In jedem Fall muss die Erstellung der gewünschten Software-Anwendungen aber effizient und nach ökonomischen Gesichtspunkten erfolgen. Letztere führen in der Regel zu vertraglich fixierten Rahmenbedingungen (z.B. bzgl. Zeit und Budget), die die ISB AG als Auftragnehmerin einhalten muss. Unsere Erfahrung zeigt: Unabhängig von Details eines ggf. agilen Managementansatzes wollen unsere Kunden den zwischenzeitlich erreichten Projekt- und Qualitätsstatus als auch den Ressourcen- und Budgetverbrauch über ein systematisches Reporting verfolgen, um ggf. auch Einfluss auf die Projektentwicklung nehmen zu können. Dabei wird oft in definierten Phasen gedacht, die agile Verfahren per se aber nicht vorsehen.

Ein Unternehmen wie ISB AG muss deshalb mit seinen Verfahren zur Projektdurchführung gleich einen mehrfachen Spagat zwischen folgenden Ankerpunkten leisten:

  • Betriebswirtschaftliche Effizienz bei der Erstellung von Gewerken, an die vom Kunden Leistungs- und Akzeptanzkriterien angelegt werden.
  • Einsatz agiler Verfahren in der Software-Entwicklung in Kombination mit Rahmenbedingungen, die teils Elemente konventioneller Managementverfahren erfordern.
  • Systematische Führung und Kontrolle des Entwicklungsfortschritts und der Qualität der neuen oder modifizierten Anwendungskomponenten.
  • Kooperation mit dem Kunden in dem Maße und auf Zeitskalen, in dem bzw. auf denen er zur Projektdurchführung und vor allem zur Qualitätssicherung faktisch beitragen kann und will.

Agilität? Ja (!), aber …

ISB AG hat in den letzten Jahren immense Erfahrung mit dem Einsatz agiler Verfahren in unterschiedlichen Abteilungen und Projekten gesammelt. Insgesamt sind wir heute der Meinung, dass agile Verfahren sich sehr bewährt haben – gerade dann, wenn neue Technologien eingesetzt werden müssen oder der Kunde die Struktur vorhandener Anwendungen ändern oder auf neue Architekturen umstellen will. Das agile Framework „Scrum“ hat sich zudem zu einem anerkannten Marktstandard, aber auch Ausbildungsstandard für Software-Entwickler entwickelt: Entwickler wünschen sich heute meist schon im Einstellungsgespräch ein agiles Umfeld, in dem Teams ihre Arbeit selbst organisieren.

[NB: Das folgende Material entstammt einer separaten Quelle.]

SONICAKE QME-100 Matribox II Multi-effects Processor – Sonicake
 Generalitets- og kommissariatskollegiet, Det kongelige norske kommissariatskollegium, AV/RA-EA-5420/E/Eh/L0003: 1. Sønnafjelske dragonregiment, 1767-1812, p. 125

Agile Prinzipien a la Scrum zu vertreten und sie in der Praxis bei der Entwicklung von Gewerken unter betriebswirtschaftlichen und vertraglichen Bedingungen auch umzusetzen, sind allerdings oft zwei verschiedene Paar Stiefel: So muss auch ein agiles Projektteam in die Lage versetzt werden, zielorientierte Selbstorganisation mit einem „Controlling“ der Einhaltung vertraglicher wie ökonomischer Rahmenbedingungen in Einklang zu bringen. Neben dem Kunden hat nicht zuletzt auch die Unternehmensführung der ISB AG hohe Ansprüche, was die Überprüfung und die Steuerung des Ressourcenverbrauchs in Relation zum Projektfortschritt anbelangt. Auch die Erkenntnis, dass Qualität durch einen kontinuierlich geführten Prozess unter frühzeitiger Kundenbeteiligung entsteht, reift paradoxerweise selbst in agilen Teams oft zu spät: Ein Team kann organisatorisch agil unterwegs sein und dennoch in ein risikobehaftetes Fahrwasser gelangen, wenn die Qualitätssicherung durch den Kunden (oft ungewollt) immer weiter oder gleich ganz ans Ende eines Projekts verschoben wird.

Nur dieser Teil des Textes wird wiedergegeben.